Your assignment – The records should be repeated word for word, pictures excluded.

Information given –
● ● ● ● ● ● ●

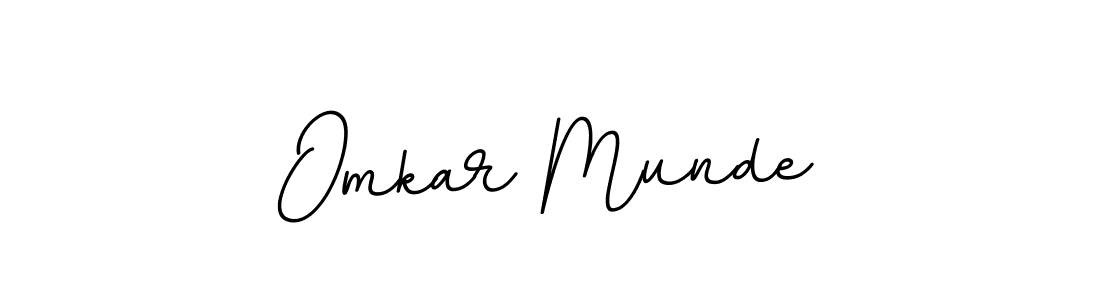 This is the best signature style for the Omkar Munde name. Also you like these signature font (BallpointsItalic-DORy9). Mix name signature. Omkar Munde signature style 11 images and pictures png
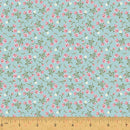 WHM Wish You Were Here 53366-2 Blue - Cotton Fabric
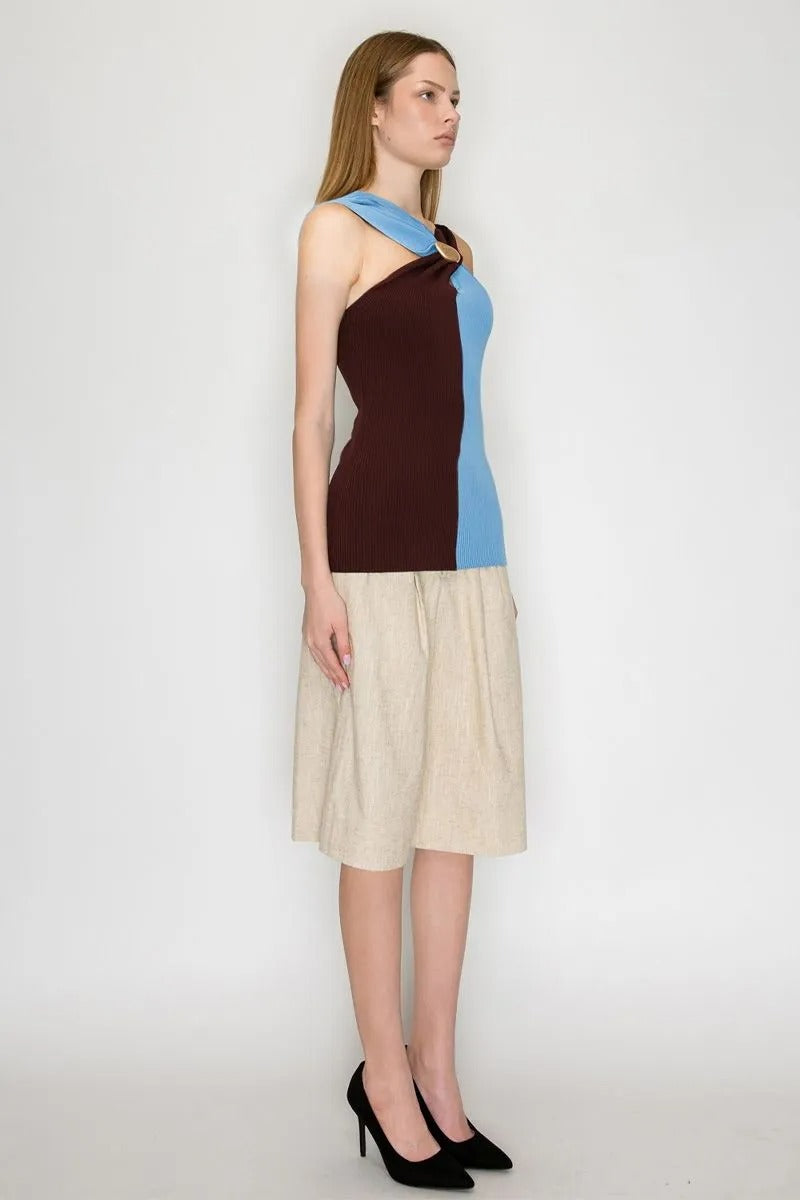LINEN SHORTS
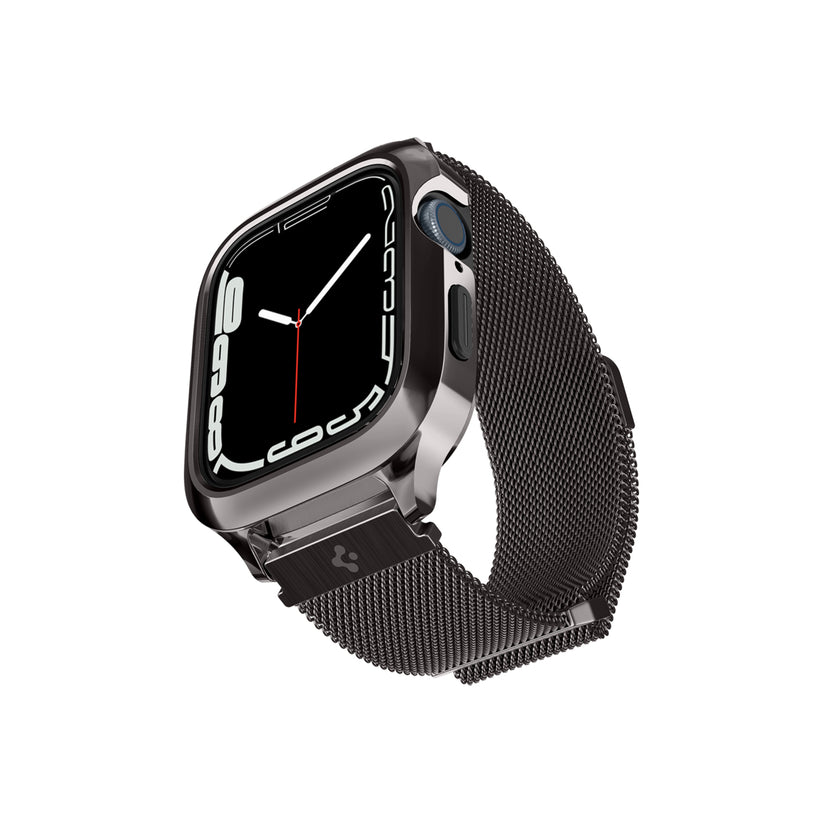 Řemínek pro Apple Watch 42/44/45/49 mm Spigen Metal Fit Pro - šedý - iSTYLE CZ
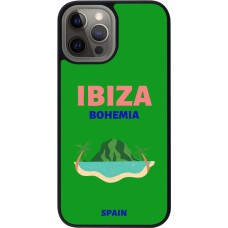 iPhone 12 Pro Max Case Hülle - Silikon schwarz Pop Summer Destination Ibiza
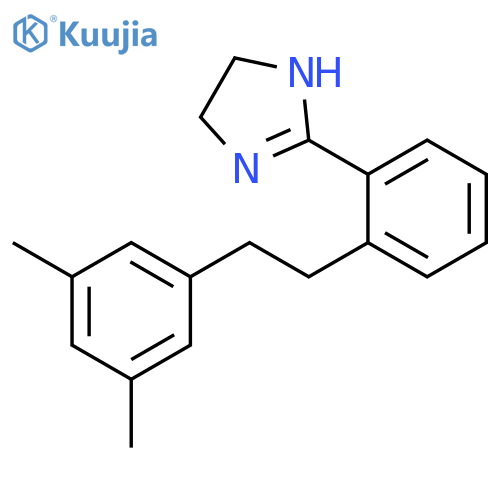 1H-Imidazole, 2-[2-[2-(3,5-dimethylphenyl)ethyl]phenyl]-4,5-dihydro- structure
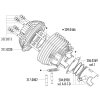 Sada těsnění válce Polini Evolution 130ccm, Vespa 125 ETS, PK, Primavera 2T, Primavera ET3 2T, XL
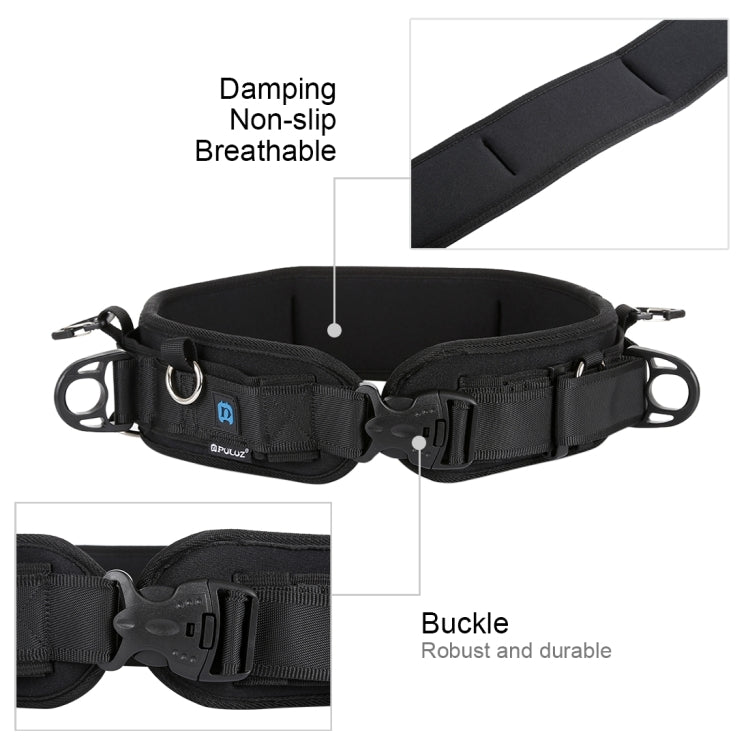PULUZ 3 in 1 Multi-functional Bundle Waistband Strap + Double Shoulders Strap + Capture Camera Clip Kits with Hook for SLR / DSLR Cameras, Waistband Strap Kits PULUZ 3 in 1 Multi-functional Bundle Waistband Strap + Double Shoulders Strap + Capture Camera Clip Kits with Hook for SLR / DSLR Cameras, Waistband Strap Kits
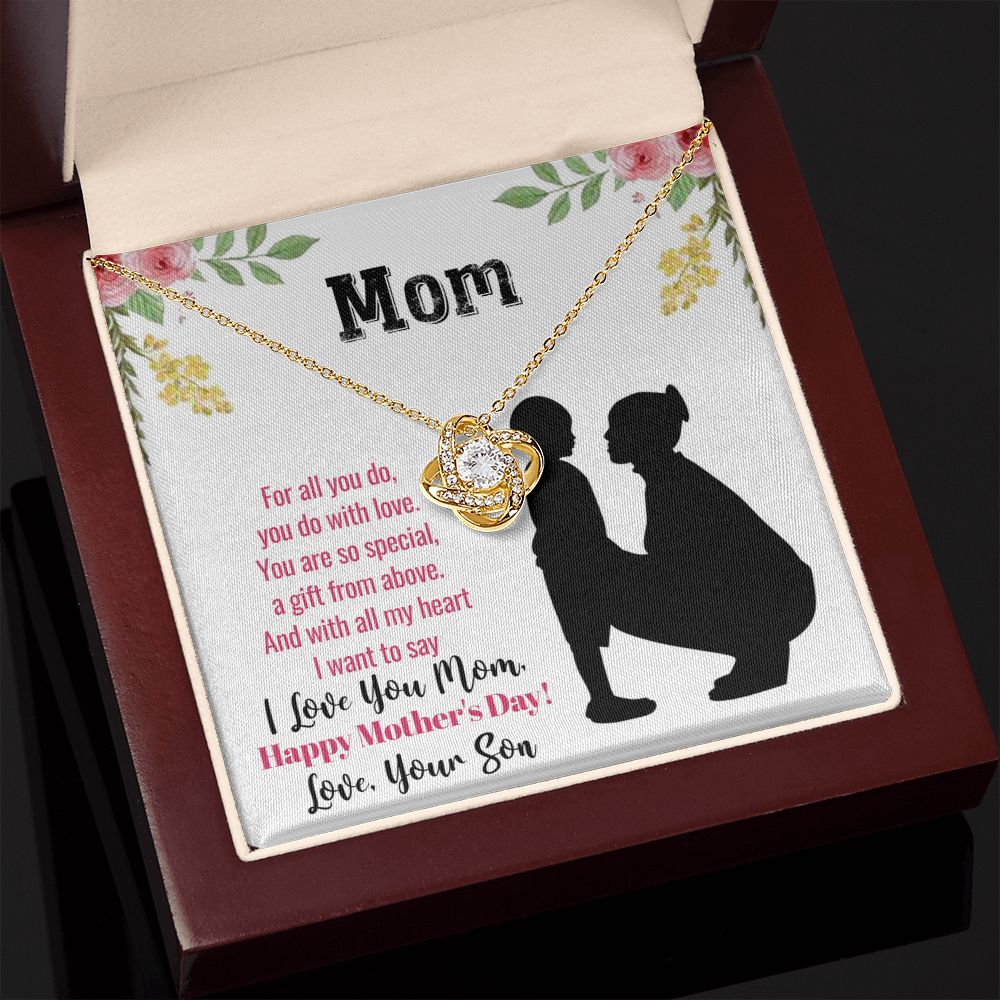 Happy Mother's Day | For all you do, you do with love - Love Knot Necklace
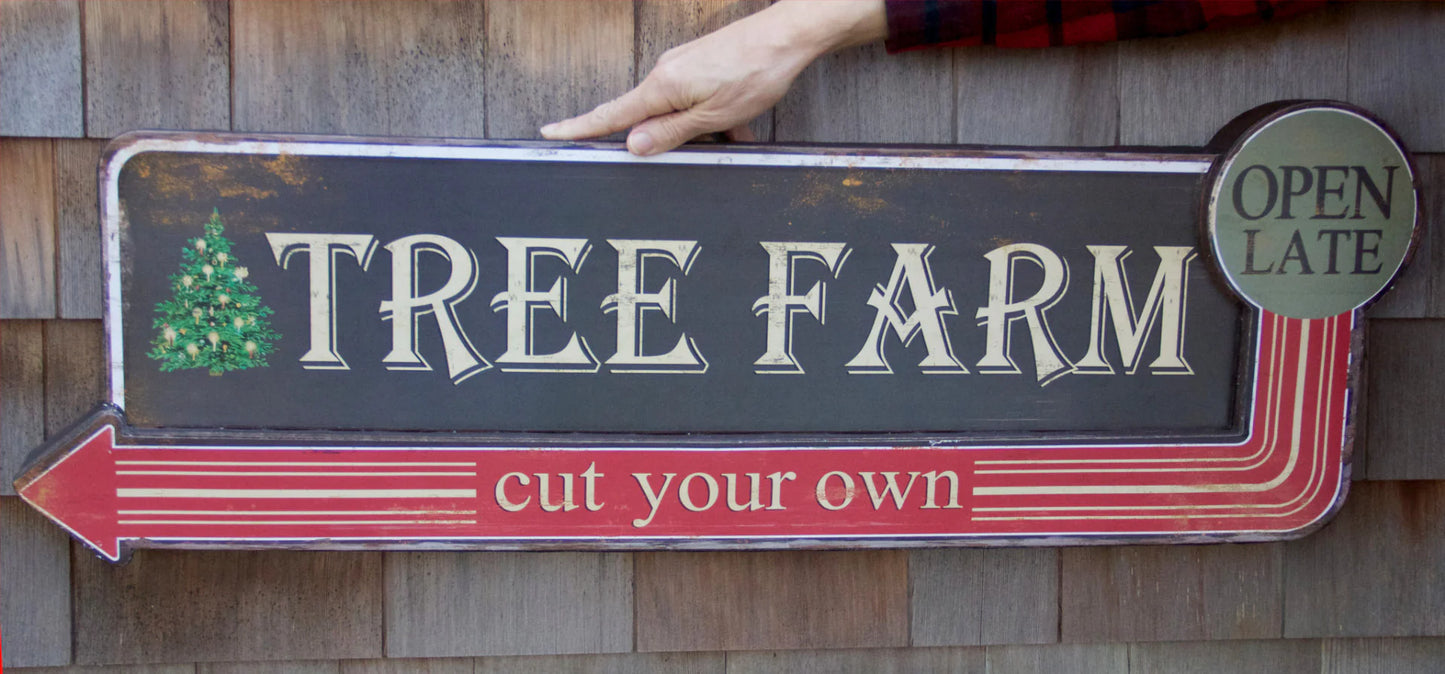 Tree Farm - Cut Your Own Christmas Tree Sign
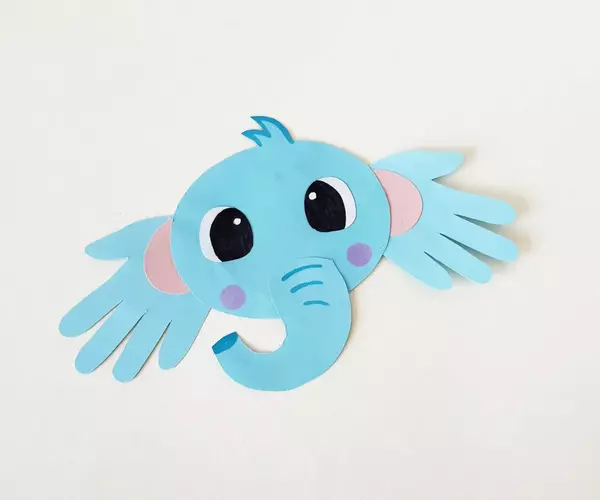 Fun Handprint Elephant Craft For Kids Fun Handprint Elephant Craft For Kids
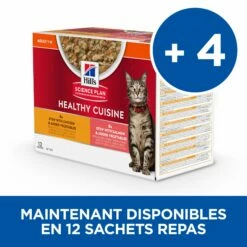 Hill's Science Plan Healthy Cuisine Adult En Mijotés Au Poulet & Au Saumon - Pâtée Pour Chat -Promos Wanimo Boutique hill s science plan healthy cuisine adult en mijotes au poulet au saumon patee pour chat 1 2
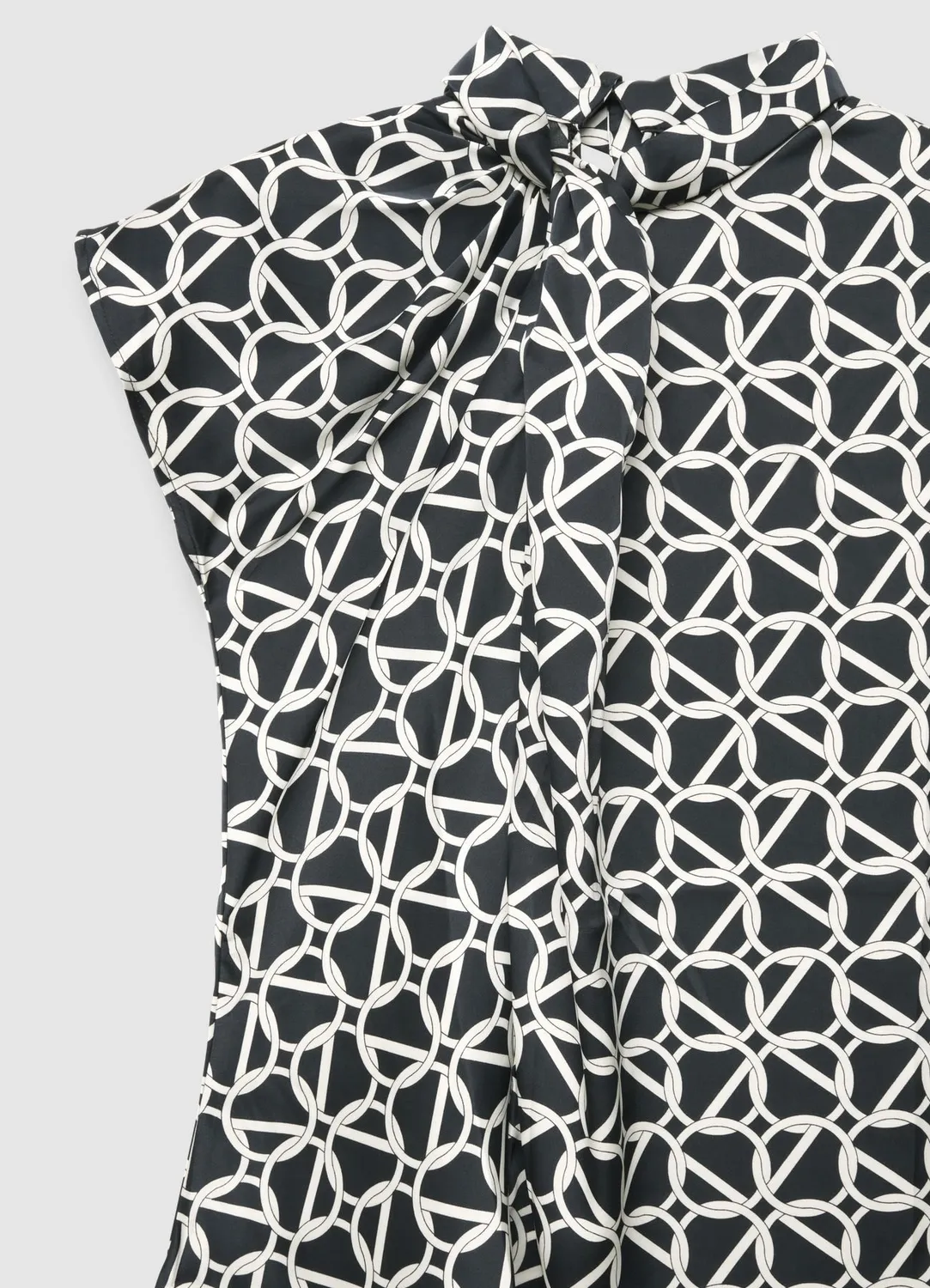Calliope Blouse col coréen imprimé chaîne femme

● ● ● ● ● ● ●

Result for this task –
 This is the best signature style for the Omkar Munde name. Also you like these signature font (BallpointsItalic-DORy9). Mix name signature. Omkar Munde signature style 11 images and pictures png
 WHM Wish You Were Here 53366-2 Blue - Cotton Fabric
LINEN SHORTS
 Řemínek pro Apple Watch 42/44/45/49 mm Spigen Metal Fit Pro - šedý - iSTYLE CZ
 iPhone 12 Pro Max Case Hülle - Silikon schwarz Pop Summer Destination Ibiza
 1H-Imidazole, 2-[2-[2-(3,5-dimethylphenyl)ethyl]phenyl]-4,5-dihydro- structure
 Sada těsnění válce Polini Evolution 130ccm, Vespa 125 ETS, PK, Primavera 2T, Primavera ET3 2T, XL
PULUZ 3 in 1 Multi-functional Bundle Waistband Strap + Double Shoulders Strap + Capture Camera Clip Kits with Hook for SLR / DSLR Cameras, Waistband Strap Kits PULUZ 3 in 1 Multi-functional Bundle Waistband Strap + Double Shoulders Strap + Capture Camera Clip Kits with Hook for SLR / DSLR Cameras, Waistband Strap Kits
 Happy Mother's Day | For all you do, you do with love - Love Knot Necklace
 Tree Farm - Cut Your Own Christmas Tree Sign
 Fun Handprint Elephant Craft For Kids Fun Handprint Elephant Craft For Kids
 Hill's Science Plan Healthy Cuisine Adult En Mijotés Au Poulet & Au Saumon - Pâtée Pour Chat -Promos Wanimo Boutique hill s science plan healthy cuisine adult en mijotes au poulet au saumon patee pour chat 1 2
Calliope Blouse col coréen imprimé chaîne femme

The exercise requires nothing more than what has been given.